Lingga mengatakan, pada masa itu Cirebon menjadi kota terbesar ke 4 di Hindia Belanda, setelah Batavia, Semarang, Surabaya, dan Cirebon sebagai kota pesisir. Untuk memudahkan administrasi dan ekonomi, Pemerintah Hindia Belanda membangun Gemeente Cirebon pada 1 April 1906. Sedangkan gedung balai kota Cirebon mulai dibangun 1924 dan selesai tahun 1927.
Gedung balai kota dibuat oleh JJ Jiskoot, seorang arsitek Belanda yang menjabat Kepala Dinas Pekerjaan Umum. Untuk gaya bangunan, meniru gaya arsitektur Art Deco. Sebuah gaya arsitektur bangunan yang menggambarkan kemegahan dan kebebasan. Dalam membangun balai kota, pemerintah Hindia Belanda banyak melibatkan penduduk pribumi sebagai pekerja kasar.
Sebelum dibangun balai kota, pusat pemerintahan Cirebon berada di Kebumen dekat dengan gedung Bundar dan SMP 14 Kota Cirebon. "Jadi di situ ada satu gedung namanya gedung residen Cirebon yang mencakup sewilayah 3 Cirebon. Tidak ada Kota Cirebon, nggak ada Kabupaten Cirebon. Tapi residen Cirebon," tutur Lingga.
Salah satu yang ikonik dari balai kota Cirebon adalah sirene. Dulu, sirene tersebut digunakan sebagai tanda para pejabat Hindia-Belanda masuk dan pulang kerja. Tapi sekarang, meski sudah berusia seratus tahun lebih, sirene masih bisa dibunyikan. Di bulan Ramadan sirene dibunyikan ketika waktu berbuka puasa dan sahur.
detikJabar berkesempatan melihat sirene tua tersebut dibunyikan. Terdengar suara sirene masih terdengar keras, suaranya melengking cukup panjang.
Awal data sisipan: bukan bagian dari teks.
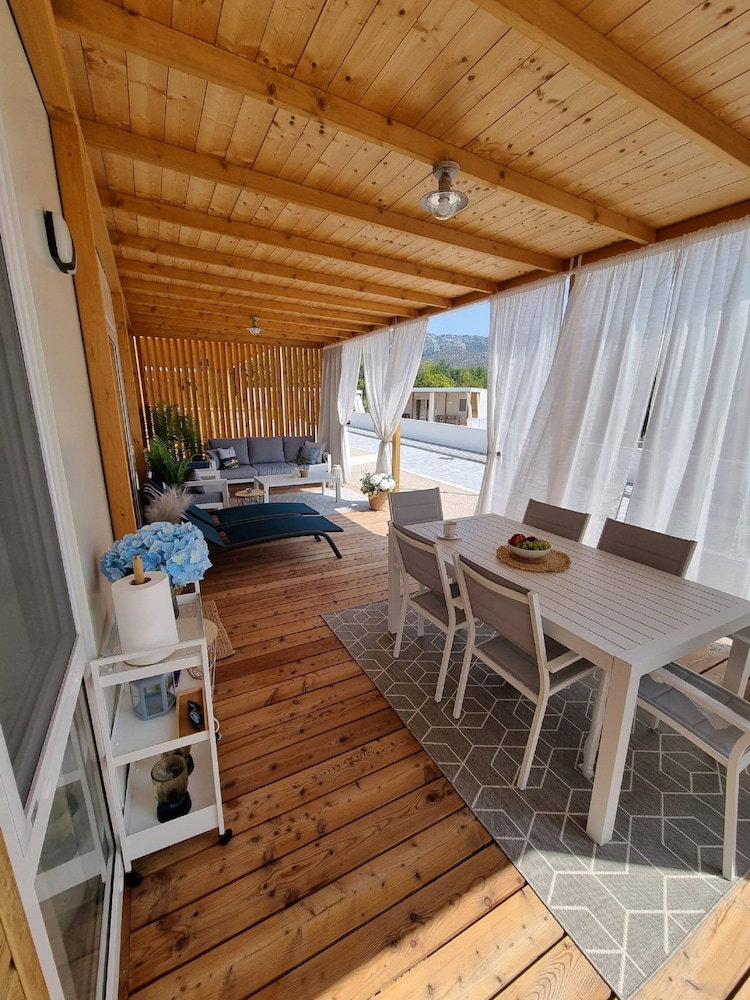 Hotel Blue Charm Mobile Home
Dulu, sirene dinyalakan dengan cara diputar, tapi sekarang sirine cukup dinyalakan menggunakan tombol yang ada di balai kota.
Setelah Indonesia merdeka, gedung Balai Kota Cirebon berfungsi sebagai kantor Wali Kota dan Wakil Wali Kota Cirebon. Tetapi setelah gedung Sekretariat Daerah (Setda) jadi, kantor wali kota dan wakil wali kota pindah ke gedung setda. Sehingga gedung Balai Kota Cirebon sudah tidak digunakan lagi sebagai kantor.
Seperti diberitakan sebelumnya, Kepala Dinas Kebudayaan dan Pariwisata Kota Cirebon, Agus Sukmanjaya, mengatakan, gedung balai kota sebelah kanan akan dijadikan museum wayang wong. "Pada 2024 kami sudah izin dan melaporkan kepada Pj Wali Kota dan Sekda. Area sebagian gedung balaikota yang sebelah kanan dijadikan museum topeng wayang wong," tutur Agus, Jumat (19/1/2024).